In the 1950s, a number of geologists were trying to make some sense of how Earth's magnetic field works. One of these men was Stanley Runcorn, a geophysicist at the University of Newcastle in England at the time. While measuring the remnant magnetism found frozen into igneous rocks around Europe, he discovered something very strange: It appeared that the position of the north magnetic pole of Earth moved around over time. This was very unexpected. Based on the shape of Earth's magnetic field and the accepted theory of what produced it, the magnetic poles should stay fairly close to the geographic poles. However, according to Runcorn's data, the rocks showed that the north magnetic pole had started out in the Pacific Ocean near Hawaii, then moved over by Japan, and eventually came to rest in its present position in the Arctic.
Of course, there was another possibility. Perhaps the north magnetic pole had stayed in one place while the rocks that he was using to measure the magnetism had moved. Runcorn started looking at the paleomagnetic data from other continents and found that these also showed that the magnetic poles had "wandered" in the past. The problem was that the polar wandering curves from each of the continents showed that the north magnetic pole had been in different places at the same time in the past. This was impossible. If the magnetic pole had in fact moved, then all of the different curves should have pointed in the same direction. They did not. The only explanation that made sense to Runcorn was that continental drift had moved the rocks into different locations while the pole stayed still.
To test this idea, Runcorn made a map of Pangaea similar to the one that Wegener had drawn 40 years earlier. He then plotted the position of the magnetic poles at different times in the past and, sure enough, when the continents were reassembled, the polar wandering curves matched.

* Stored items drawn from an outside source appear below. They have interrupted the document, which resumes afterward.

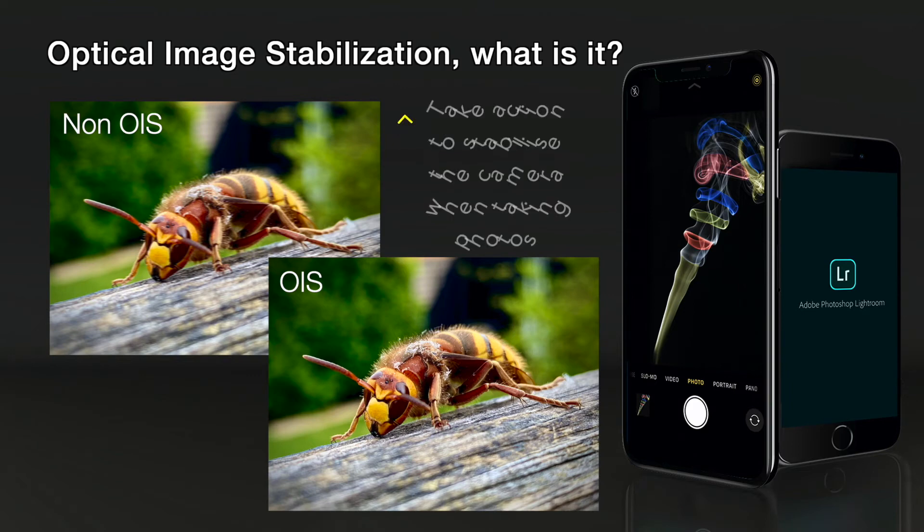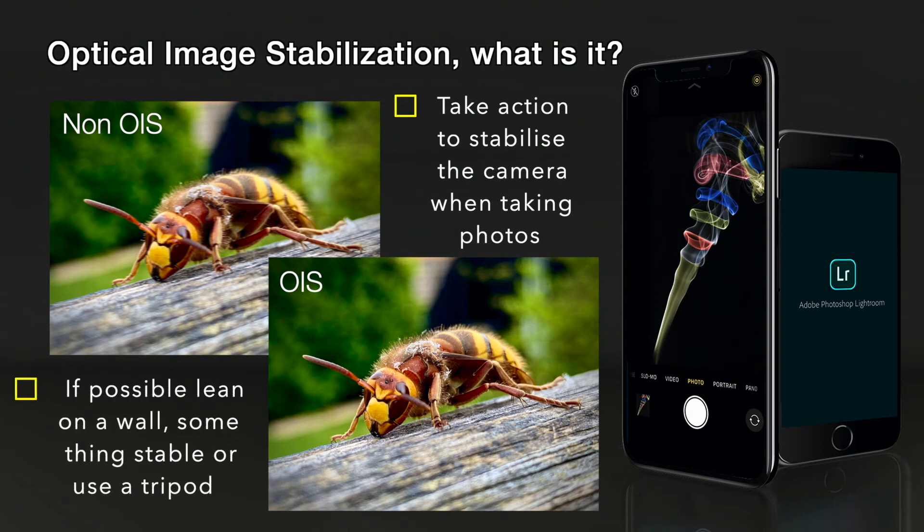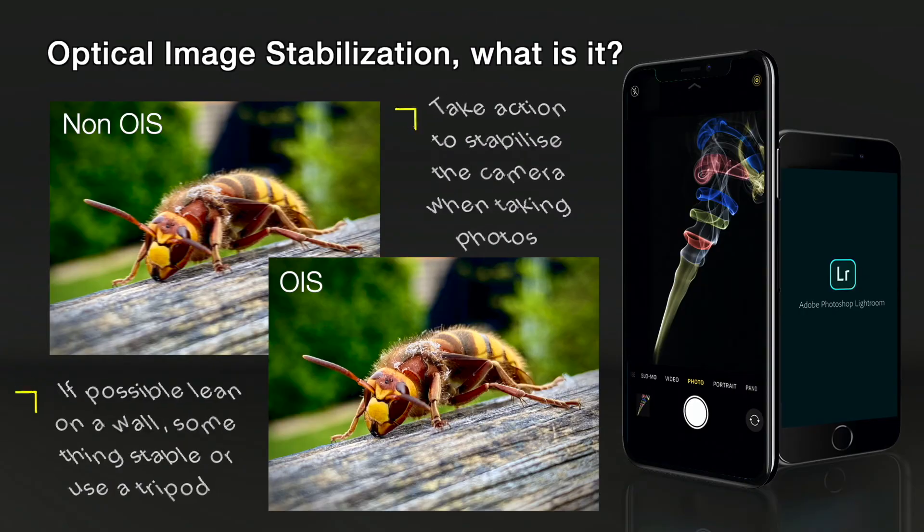I would always recommend taking further action to stabilise your shots 100% by leaning on a wall, putting on a tripod, or hunkering down with your elbows into your tummy to stabilise the shot. It's just to let you know that in these iPhones from the 6S Plus you do have an optical image stabilisation aid.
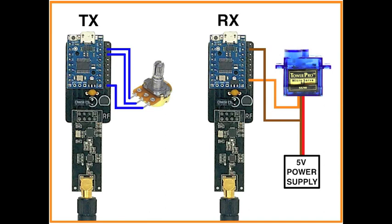An example shown here uses a potentiometer and a microservo to allow for an interesting demo where the microservo can be remote controlled using the potentiometer, with the setting sent over the wireless link between the two NRF24 modules.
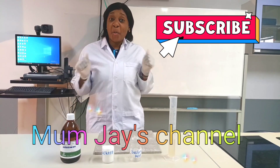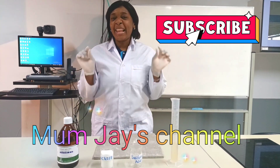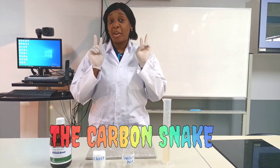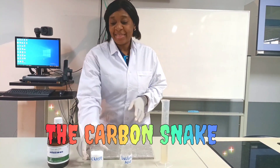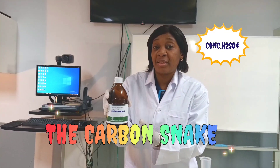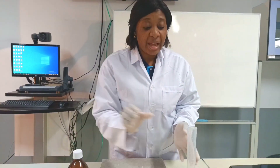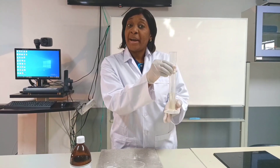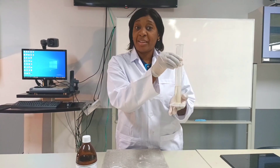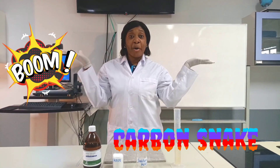Welcome back to my channel. Today I'm going to be doing a little experiment with you. This experiment only requires two substances: sucrose and concentrated sulfuric acid. I have measured out 30 milliliters of my concentrated sulfuric acid in the measuring cylinder, and I am going to use it to make my carbon snake.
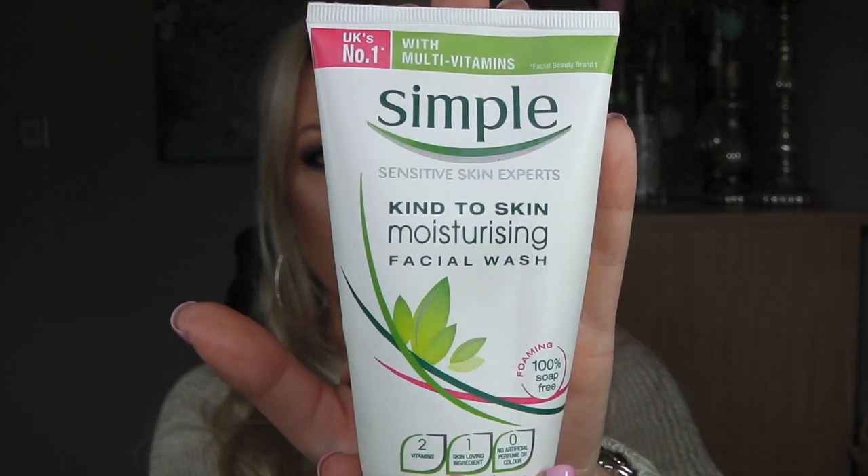Then same old, same old — Simple Cleanser. This is like my go-to. I do try different cleansers but this one is cheap, cheerful, takes my makeup off, doesn't have any nasties in it, and it's very easy to get. I can get it in any supermarket so I always have a backup of that one.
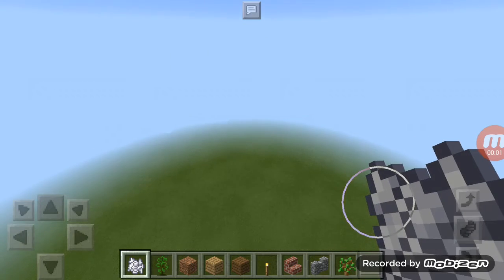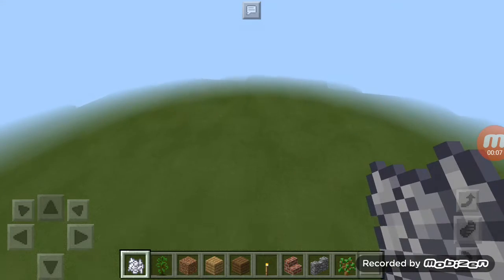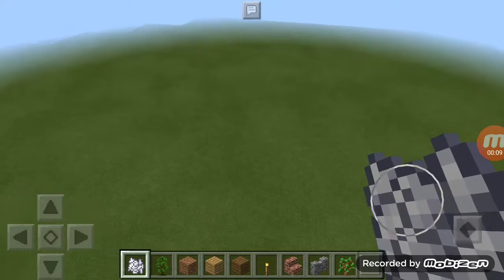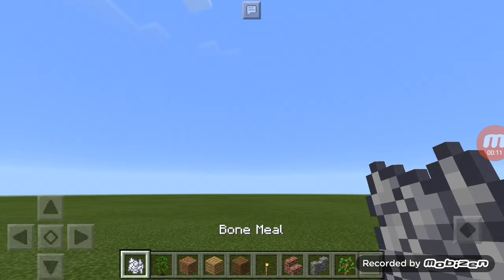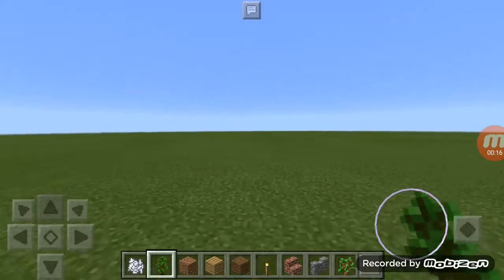Hi guys, welcome back to my channel. Today I'm going to show you how to grow a huge tree. First, you need to have two bone meal and a jungle sapling.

When Runcorn published the results, many scientists thought that his data was flawed. They claimed that because the devices used to measure magnetism in rocks were still very crude, what he thought was a moving pole might just have been an error in the readings. Runcorn pressed on, and as the equipment became better, the data showed that he was on the right track. The final clincher came just a few years later when another group of scientists would use reversals in Earth's magnetic field to prove that the oceans were spreading.